◆ **PROBLEM TO WORK ON**: Once the line holding "Pure Cotton Block" is found in the entries below, transcribe exactly every line up to and including the one holding "Buddha Stones Tibet", but leave out the pictures.

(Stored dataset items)
((

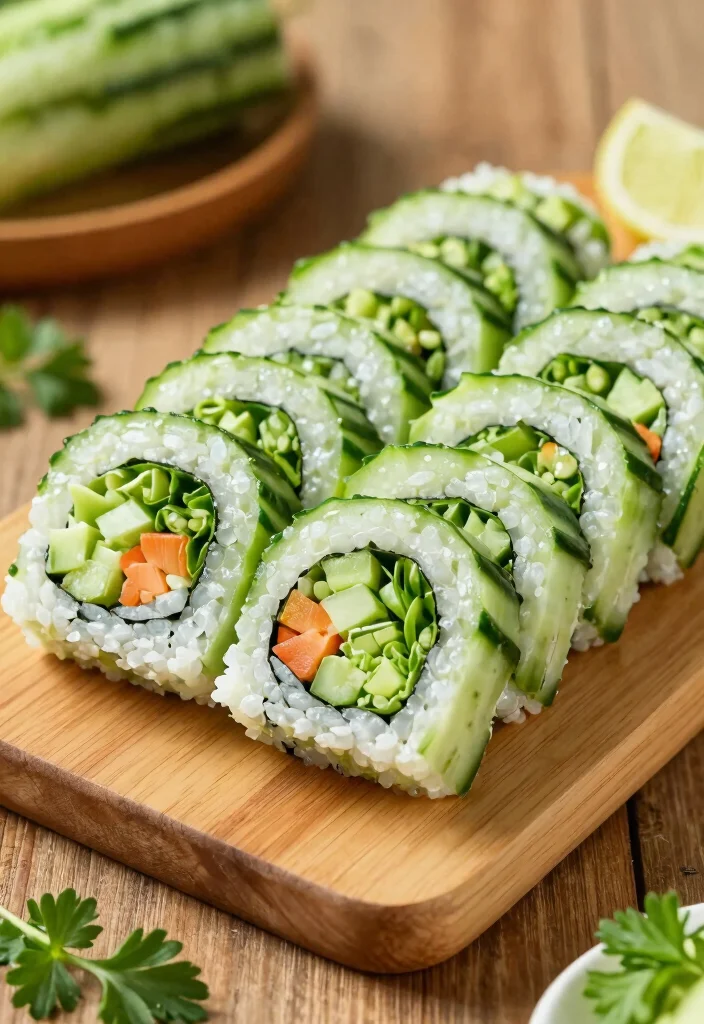 19 Gluten and Dairy Free Snack Recipes: Portable & Easy - 17. Cucumber Sushi Rolls 1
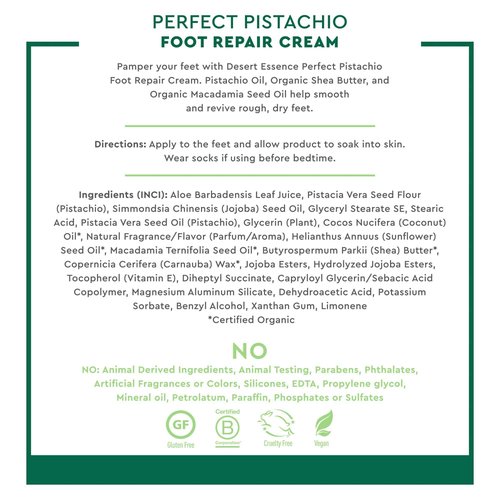 Desert Essence Pistachio Foot Repair Cream - 3.5 Fl Ounce - Pack of 3 - Restores Softness - Skin Repair & Renewal - Pistachio Nut Oil - Shea Butter - Macadamia Seed Oil - Cruelty-Free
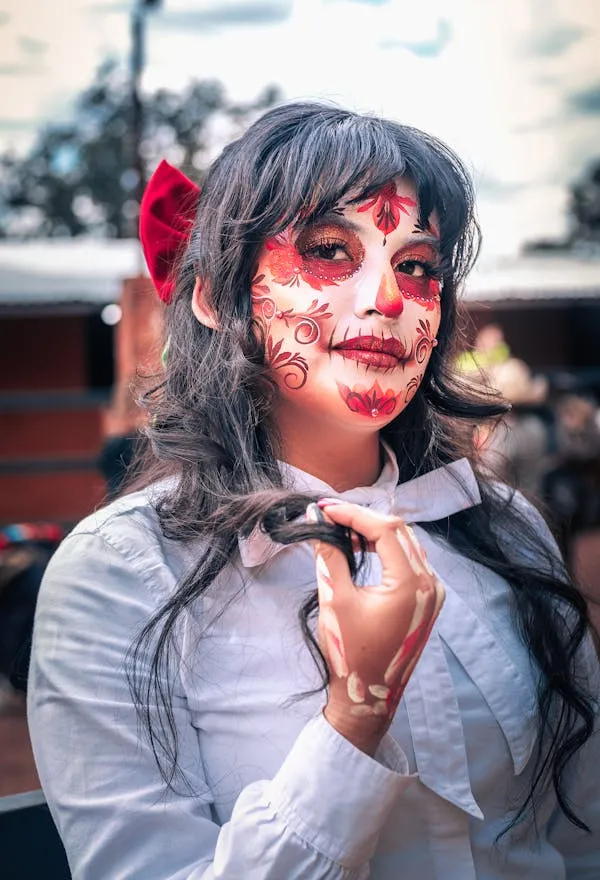 Bold Zombie Makeup and Costume for Halloween Festivities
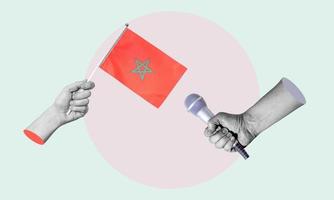 Art collage, collage of a hand holding the flag of Morocco, microphone in the other hand. photo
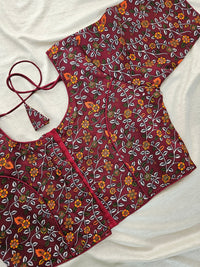 Pure Cotton Block Printed Blouse with Lining - Maroon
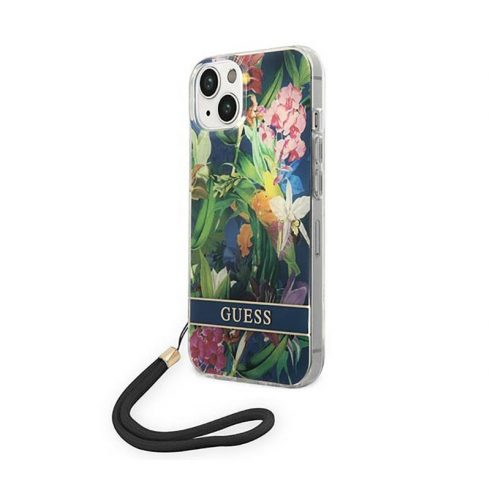 Guess Flower Cord - maska ​​za iPhone 14 Plus (plava)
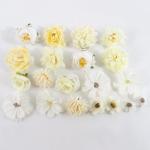 20 stuks , , namaakmini-bloemen van zijde, voor woondecoratie, bruiloften (wit)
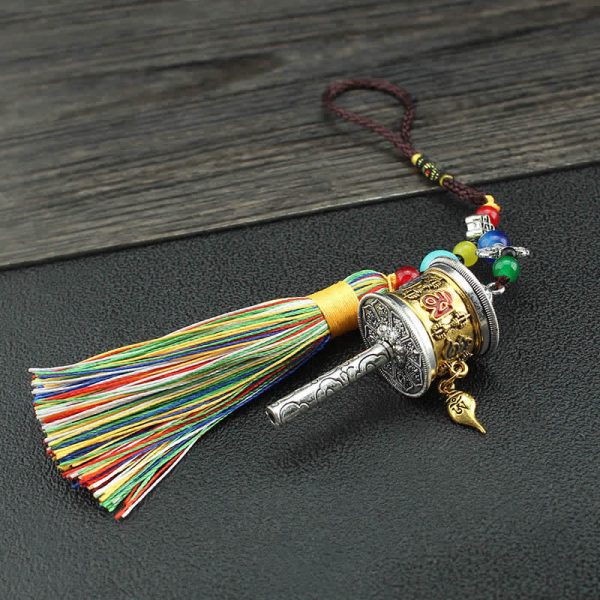 Buddha Stones Tibet Om Mani Padme Hum Prayer Wheel Tassel Bag Car Hanging Decoration Online Sale - Image 2
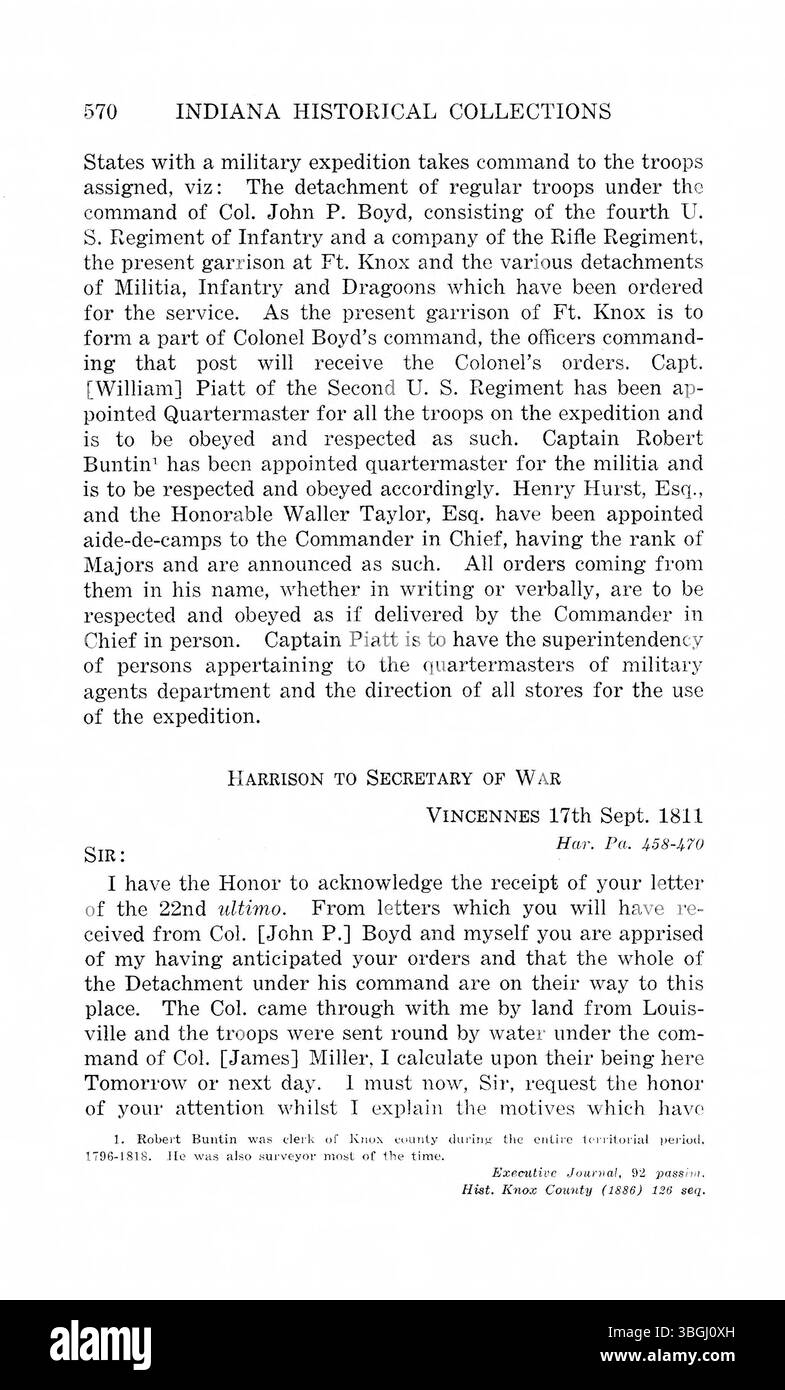 Una raccolta di messaggi e lettere di William Henry Harrison e altri governatori del territorio dell'Indiana, che coprono gli anni dal 1800 al 1816. Foto Stock
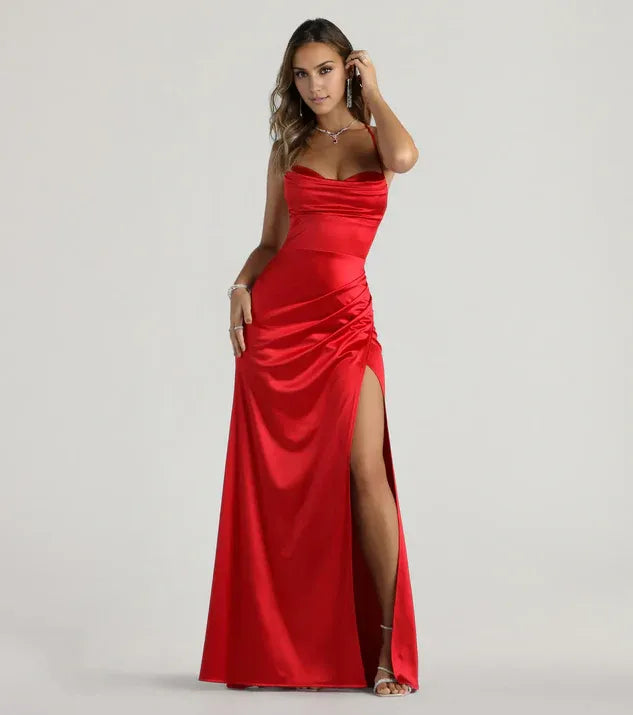 Fitted Cowl Neck Sleeveless Lace-Up Sweep/Brush Train Prom Dress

))

◆ **SOLUTION TO THE PROBLEM**:
 Pure Cotton Block Printed Blouse with Lining - Maroon
 Guess Flower Cord - maska ​​za iPhone 14 Plus (plava)
 20 stuks , , namaakmini-bloemen van zijde, voor woondecoratie, bruiloften (wit)
 Buddha Stones Tibet Om Mani Padme Hum Prayer Wheel Tassel Bag Car Hanging Decoration Online Sale - Image 2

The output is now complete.